Lines before the one containing "Marchionne: L'Uomo dell'Impossibile" are excluded; print that line and every line after it through the end of the material below, exactly.
----- Records for the exercise -----
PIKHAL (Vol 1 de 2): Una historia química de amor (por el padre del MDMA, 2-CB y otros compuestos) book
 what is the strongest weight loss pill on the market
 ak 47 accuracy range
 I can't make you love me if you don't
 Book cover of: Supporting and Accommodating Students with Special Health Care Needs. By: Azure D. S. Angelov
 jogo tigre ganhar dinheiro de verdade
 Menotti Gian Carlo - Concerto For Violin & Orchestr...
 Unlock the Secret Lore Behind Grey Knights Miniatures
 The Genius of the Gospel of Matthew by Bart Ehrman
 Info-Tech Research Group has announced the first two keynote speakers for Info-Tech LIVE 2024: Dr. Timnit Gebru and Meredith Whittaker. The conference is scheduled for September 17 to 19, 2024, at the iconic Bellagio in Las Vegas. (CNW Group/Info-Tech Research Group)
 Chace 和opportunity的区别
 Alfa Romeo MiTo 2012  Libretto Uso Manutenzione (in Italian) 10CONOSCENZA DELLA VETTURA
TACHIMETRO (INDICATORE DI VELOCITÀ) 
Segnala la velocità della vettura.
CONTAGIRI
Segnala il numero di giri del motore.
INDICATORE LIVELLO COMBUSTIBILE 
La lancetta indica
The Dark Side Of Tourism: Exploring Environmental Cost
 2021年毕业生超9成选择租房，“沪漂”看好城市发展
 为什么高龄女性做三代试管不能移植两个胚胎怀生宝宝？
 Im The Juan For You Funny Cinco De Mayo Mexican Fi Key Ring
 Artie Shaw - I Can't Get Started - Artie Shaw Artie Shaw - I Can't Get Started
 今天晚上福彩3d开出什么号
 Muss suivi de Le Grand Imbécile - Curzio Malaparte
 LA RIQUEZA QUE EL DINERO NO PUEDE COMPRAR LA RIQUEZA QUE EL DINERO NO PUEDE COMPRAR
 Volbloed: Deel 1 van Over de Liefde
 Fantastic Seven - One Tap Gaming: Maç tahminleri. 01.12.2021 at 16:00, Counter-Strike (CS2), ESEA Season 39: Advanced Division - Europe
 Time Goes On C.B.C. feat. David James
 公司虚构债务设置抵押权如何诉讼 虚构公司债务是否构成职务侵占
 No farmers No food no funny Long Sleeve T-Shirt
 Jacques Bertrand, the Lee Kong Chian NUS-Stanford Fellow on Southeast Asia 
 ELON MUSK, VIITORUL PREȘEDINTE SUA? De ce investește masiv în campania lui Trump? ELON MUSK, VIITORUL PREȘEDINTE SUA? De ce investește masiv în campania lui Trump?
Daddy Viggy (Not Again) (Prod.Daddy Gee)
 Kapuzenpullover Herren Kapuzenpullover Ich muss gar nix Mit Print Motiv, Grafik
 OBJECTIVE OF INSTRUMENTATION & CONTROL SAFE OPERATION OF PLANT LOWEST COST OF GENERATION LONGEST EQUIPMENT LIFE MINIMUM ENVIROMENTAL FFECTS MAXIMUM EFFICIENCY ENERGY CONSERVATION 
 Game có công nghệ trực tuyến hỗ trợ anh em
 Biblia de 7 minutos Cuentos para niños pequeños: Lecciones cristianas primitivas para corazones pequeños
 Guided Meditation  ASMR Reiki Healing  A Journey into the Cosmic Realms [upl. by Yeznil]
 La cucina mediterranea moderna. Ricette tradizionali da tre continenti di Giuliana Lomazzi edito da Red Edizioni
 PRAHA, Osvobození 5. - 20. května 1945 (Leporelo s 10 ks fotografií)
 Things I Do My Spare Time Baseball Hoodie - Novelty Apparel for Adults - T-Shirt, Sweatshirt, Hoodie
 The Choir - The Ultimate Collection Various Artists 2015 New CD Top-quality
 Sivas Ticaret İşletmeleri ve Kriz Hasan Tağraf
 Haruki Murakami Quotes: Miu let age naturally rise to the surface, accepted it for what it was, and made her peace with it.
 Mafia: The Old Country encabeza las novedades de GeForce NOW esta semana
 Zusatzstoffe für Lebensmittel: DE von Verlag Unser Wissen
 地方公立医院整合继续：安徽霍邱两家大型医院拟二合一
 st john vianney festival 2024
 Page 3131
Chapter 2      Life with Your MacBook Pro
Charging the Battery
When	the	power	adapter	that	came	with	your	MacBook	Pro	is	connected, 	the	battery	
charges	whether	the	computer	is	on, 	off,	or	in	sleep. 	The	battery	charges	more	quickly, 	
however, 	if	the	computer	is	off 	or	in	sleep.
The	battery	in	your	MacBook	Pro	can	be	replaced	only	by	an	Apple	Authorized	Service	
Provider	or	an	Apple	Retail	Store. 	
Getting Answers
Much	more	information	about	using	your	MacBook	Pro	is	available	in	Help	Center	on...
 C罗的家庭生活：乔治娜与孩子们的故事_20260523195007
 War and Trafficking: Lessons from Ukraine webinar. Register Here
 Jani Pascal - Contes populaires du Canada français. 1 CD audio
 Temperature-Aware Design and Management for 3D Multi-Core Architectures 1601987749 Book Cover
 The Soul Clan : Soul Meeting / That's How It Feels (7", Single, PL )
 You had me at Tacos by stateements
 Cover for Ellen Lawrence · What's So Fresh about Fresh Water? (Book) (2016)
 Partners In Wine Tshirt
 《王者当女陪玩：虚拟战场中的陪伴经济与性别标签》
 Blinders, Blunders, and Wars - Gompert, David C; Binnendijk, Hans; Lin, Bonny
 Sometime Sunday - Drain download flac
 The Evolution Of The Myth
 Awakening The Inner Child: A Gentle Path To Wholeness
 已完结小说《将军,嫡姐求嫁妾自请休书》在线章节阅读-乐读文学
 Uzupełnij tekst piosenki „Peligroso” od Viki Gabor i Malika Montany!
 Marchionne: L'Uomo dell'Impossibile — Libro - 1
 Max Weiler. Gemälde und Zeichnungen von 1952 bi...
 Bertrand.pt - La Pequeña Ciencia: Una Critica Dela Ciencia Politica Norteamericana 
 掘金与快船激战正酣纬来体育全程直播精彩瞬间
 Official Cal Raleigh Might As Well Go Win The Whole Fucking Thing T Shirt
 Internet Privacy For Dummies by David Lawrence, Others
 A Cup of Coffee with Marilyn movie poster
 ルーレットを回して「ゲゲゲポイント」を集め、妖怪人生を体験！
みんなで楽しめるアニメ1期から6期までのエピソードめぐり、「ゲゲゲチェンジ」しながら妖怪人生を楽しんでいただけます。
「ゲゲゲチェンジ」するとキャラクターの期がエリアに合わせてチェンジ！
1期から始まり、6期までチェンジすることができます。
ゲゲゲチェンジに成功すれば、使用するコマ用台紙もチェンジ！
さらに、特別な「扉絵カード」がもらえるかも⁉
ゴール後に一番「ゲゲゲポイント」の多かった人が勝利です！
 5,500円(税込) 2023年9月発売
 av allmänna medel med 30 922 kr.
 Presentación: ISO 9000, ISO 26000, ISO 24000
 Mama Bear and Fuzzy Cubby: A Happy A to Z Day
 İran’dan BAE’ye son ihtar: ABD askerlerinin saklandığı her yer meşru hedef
-----
**Result for this exercise:**
 Marchionne: L'Uomo dell'Impossibile — Libro - 1
 Max Weiler. Gemälde und Zeichnungen von 1952 bi...
 Bertrand.pt - La Pequeña Ciencia: Una Critica Dela Ciencia Politica Norteamericana 
 掘金与快船激战正酣纬来体育全程直播精彩瞬间
 Official Cal Raleigh Might As Well Go Win The Whole Fucking Thing T Shirt
 Internet Privacy For Dummies by David Lawrence, Others
 A Cup of Coffee with Marilyn movie poster
 ルーレットを回して「ゲゲゲポイント」を集め、妖怪人生を体験！
みんなで楽しめるアニメ1期から6期までのエピソードめぐり、「ゲゲゲチェンジ」しながら妖怪人生を楽しんでいただけます。
「ゲゲゲチェンジ」するとキャラクターの期がエリアに合わせてチェンジ！
1期から始まり、6期までチェンジすることができます。
ゲゲゲチェンジに成功すれば、使用するコマ用台紙もチェンジ！
さらに、特別な「扉絵カード」がもらえるかも⁉
ゴール後に一番「ゲゲゲポイント」の多かった人が勝利です！
 5,500円(税込) 2023年9月発売
 av allmänna medel med 30 922 kr.
 Presentación: ISO 9000, ISO 26000, ISO 24000
 Mama Bear and Fuzzy Cubby: A Happy A to Z Day
 İran’dan BAE’ye son ihtar: ABD askerlerinin saklandığı her yer meşru hedef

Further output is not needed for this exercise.